Plusieurs revendeurs n'hésitent déjà pas à qualifier de "mort" le jeu vidéo physique sur PC. Pour ce qui est du jeu sur consoles, ils affirment être pris en étau entre les constructeurs qui cherchent à développer la vente de jeux dématérialisés sur leurs boutiques numériques, et les joueurs qui sont de plus en plus attirés par le dématérialisé. Et comme de plus en plus d'éditeur promettent des accès anticipés, via des bêta par exemple, aux joueurs qui réservent leurs jeux, les boutiques se retrouvent face à un nouveau problème. C'est ce qu'explique Florian Laventurier, vendeur dans la boutique de Saint-Lô :

De plus en plus de clients ne font des réservations que pour avoir clefs bêta. Du coup, nous nous retrouvons dans une impasse lorsqu'il s'agit de savoir quelle quantité d'exemplaires prendre pour telle ou telle prochaine sortie.

À l'instar des précommandes annulées sans prévenir, ce cas de figure peut avoir des conséquences particulièrement néfastes pour les finances déjà fragilisées des boutiques indépendantes.

Désabusé, le gérant du magasin des Deux-Sèvres affirme quant à lui ne pas se faire d'illusion quant à la fermeture prochaine de sa boutique. D'une manière plus générale, il estime que de nombreuses enseignes fermeront en 2016 et qu'en 2017 les clients "chercheront" les boutiques de jeu vidéo. Brice Achaume semble lui aussi penser qu'une partie des revendeurs de jeux vidéo indépendants sont voués à disparaître :

Il y a beaucoup de boutiques indépendantes en France et à ça il faut ajouter les Micromania, les grandes surfaces, les Fnac/Cultura/Boulanger, les Game Cash, Internet, etc. L'offre est beaucoup trop importante et on finit par s'y perdre. Rien qu'en centre-ville d'Avignon, il y a 5 revendeurs de jeux vidéo. C'est totalement absurde et il y en a déjà deux qui sont à deux doigts de fermer boutique. Forcément !

Thomas Thouron est catégorique :

Il n'y a aucun avenir pour les boutiques de jeu vidéo. À tout casser, il nous reste 5 ans vivre !

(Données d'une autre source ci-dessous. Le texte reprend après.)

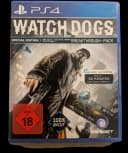 Watch Dogs [Special Edition]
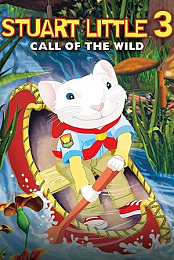 Stuart Little 3 2005 STV DVDRip XviD-SWiFT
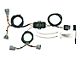 Plug-In Simple Vehicle to Trailer Wiring Harness (05-08 Tacoma)
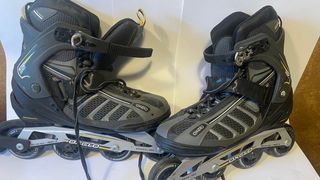 Pattini in linea adulti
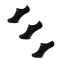 Medias de Hombre New Balance x3 Show Negro - Multicolor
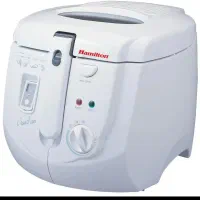 سرخ کن همیلتون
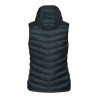 ALASKA VEST dámská prošívaná vesta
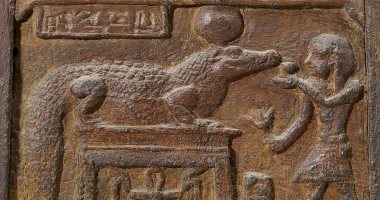 دراسة حديثة تحاول كشف علاقة المصريين القدماء بتماسيح النيل
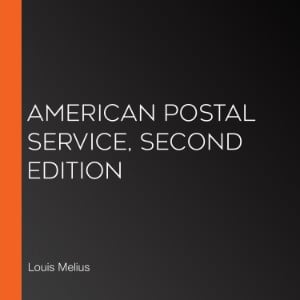 American Postal Service, Second Edition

Entre les charges, la baisse d'activité, et le peu de marge générée sur les produits neufs, c'est quasi-impossible d'espérer un avenir serein pour ce type de boutiques.Le constat est cinglant, il y a bien péril en la demeure ! Comme dans de nombreux domaines, la clef reste ainsi entre les mains des utilisateurs, acheteurs.... joueurs. A eux de savoir s'ils veulent encore de ces boutiques indépendantes. Si tel est le cas, il n'y a qu'une solution : il est urgent de ne plus les déserter.